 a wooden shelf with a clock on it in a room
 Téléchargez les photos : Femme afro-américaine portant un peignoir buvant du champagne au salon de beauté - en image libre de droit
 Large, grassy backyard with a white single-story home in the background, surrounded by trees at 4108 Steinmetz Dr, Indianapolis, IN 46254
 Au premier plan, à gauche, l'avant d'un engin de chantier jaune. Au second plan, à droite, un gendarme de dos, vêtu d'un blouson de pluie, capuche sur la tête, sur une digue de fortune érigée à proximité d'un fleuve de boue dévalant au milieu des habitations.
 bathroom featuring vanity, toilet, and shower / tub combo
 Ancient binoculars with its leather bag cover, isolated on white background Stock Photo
+++
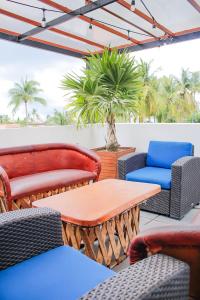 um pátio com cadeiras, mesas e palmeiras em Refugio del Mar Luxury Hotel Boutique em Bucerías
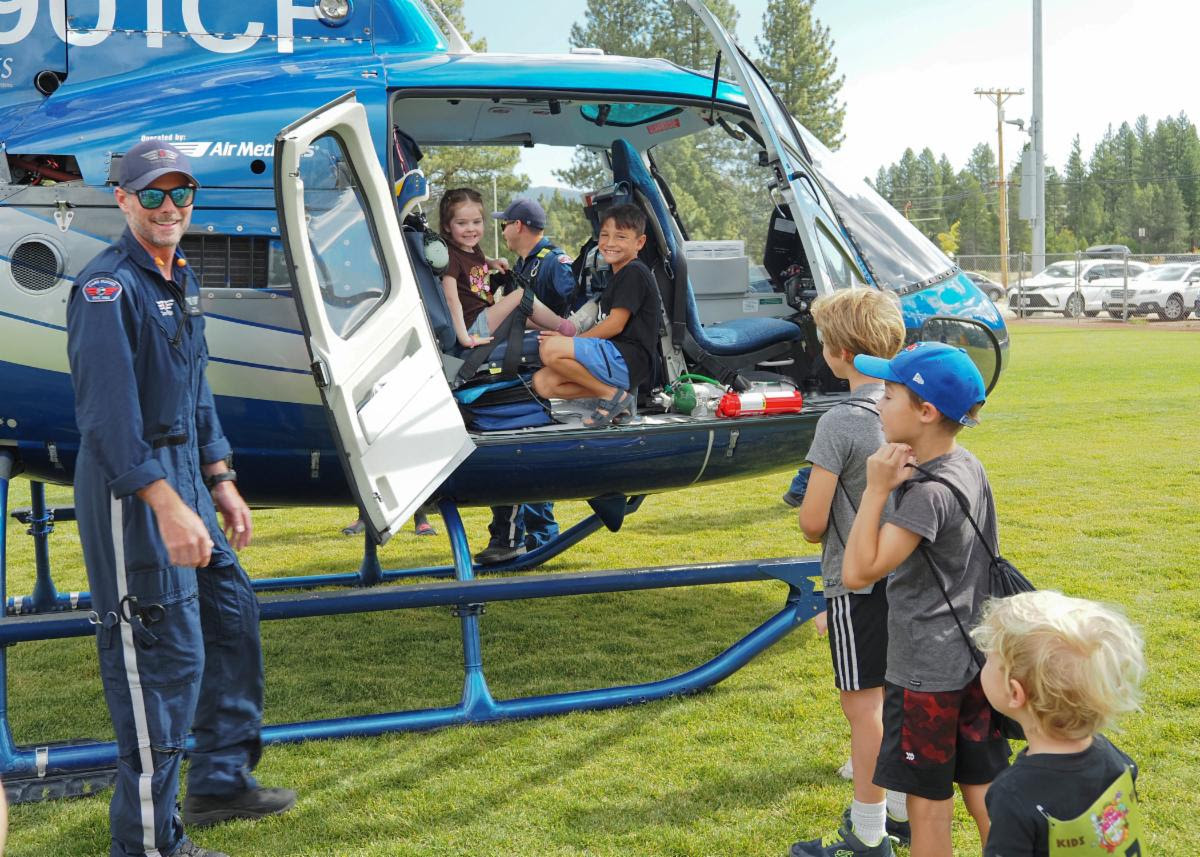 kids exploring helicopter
+++
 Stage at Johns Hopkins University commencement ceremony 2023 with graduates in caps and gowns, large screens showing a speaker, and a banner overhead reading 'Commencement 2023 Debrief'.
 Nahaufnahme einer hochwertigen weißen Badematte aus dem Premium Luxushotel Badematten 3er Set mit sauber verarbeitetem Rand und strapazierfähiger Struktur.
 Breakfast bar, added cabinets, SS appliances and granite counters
+++
> **Work to be completed**
Which lines in the material above include the string "background"? Pull them out.

> **Written reply**
 Large, grassy backyard with a white single-story home in the background, surrounded by trees at 4108 Steinmetz Dr, Indianapolis, IN 46254
 Ancient binoculars with its leather bag cover, isolated on white background Stock Photo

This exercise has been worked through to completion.